A faithful, word-for-word copy of the data below is required, without pictures.

- _Dataset excerpt_:
□ □ □ □ □ □ □

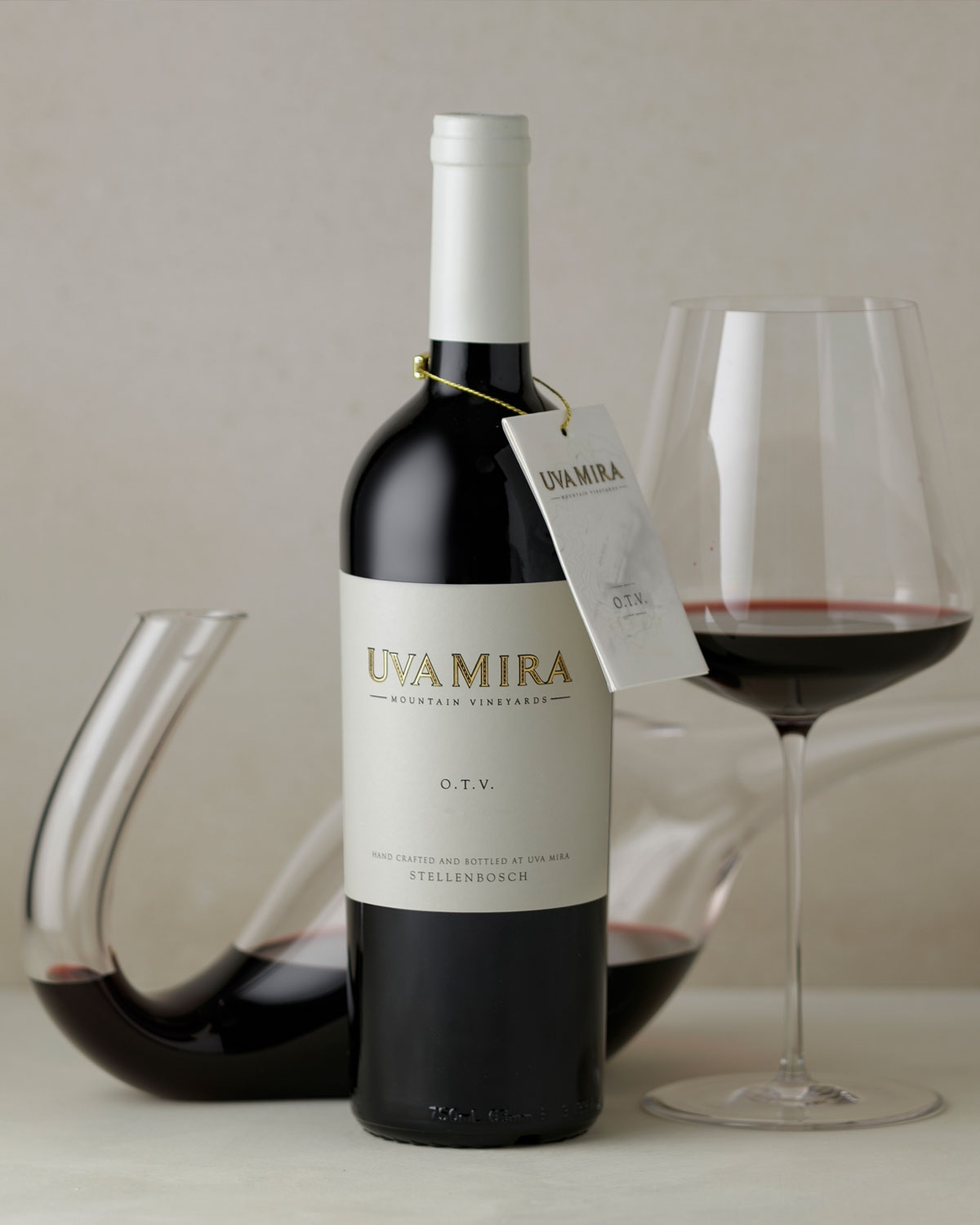 Eine Flasche Uva Mira Mountain Vineyards O.T.V. Rotwein mit einem cremefarbenen Etikett und einem um den Hals hängenden Anhänger. Auf dem Etikett steht, dass er in Stellenbosch handgefertigt und abgefüllt wurde.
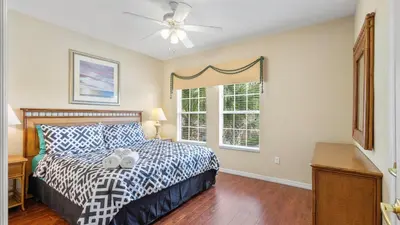 a bedroom with a bed and a window at Shvck5 - Coral Cay Resort #5 - 4 Bed 3 Baths Townhome in Kissimmee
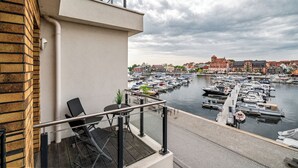 Parveke, jolta avautuu näkymä venesatamaan ja taustalla näkyviin rakennuksiin.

□ □ □ □ □ □ □

- _Answer to the exercise_:
 Eine Flasche Uva Mira Mountain Vineyards O.T.V. Rotwein mit einem cremefarbenen Etikett und einem um den Hals hängenden Anhänger. Auf dem Etikett steht, dass er in Stellenbosch handgefertigt und abgefüllt wurde.
 a bedroom with a bed and a window at Shvck5 - Coral Cay Resort #5 - 4 Bed 3 Baths Townhome in Kissimmee
 Parveke, jolta avautuu näkymä venesatamaan ja taustalla näkyviin rakennuksiin.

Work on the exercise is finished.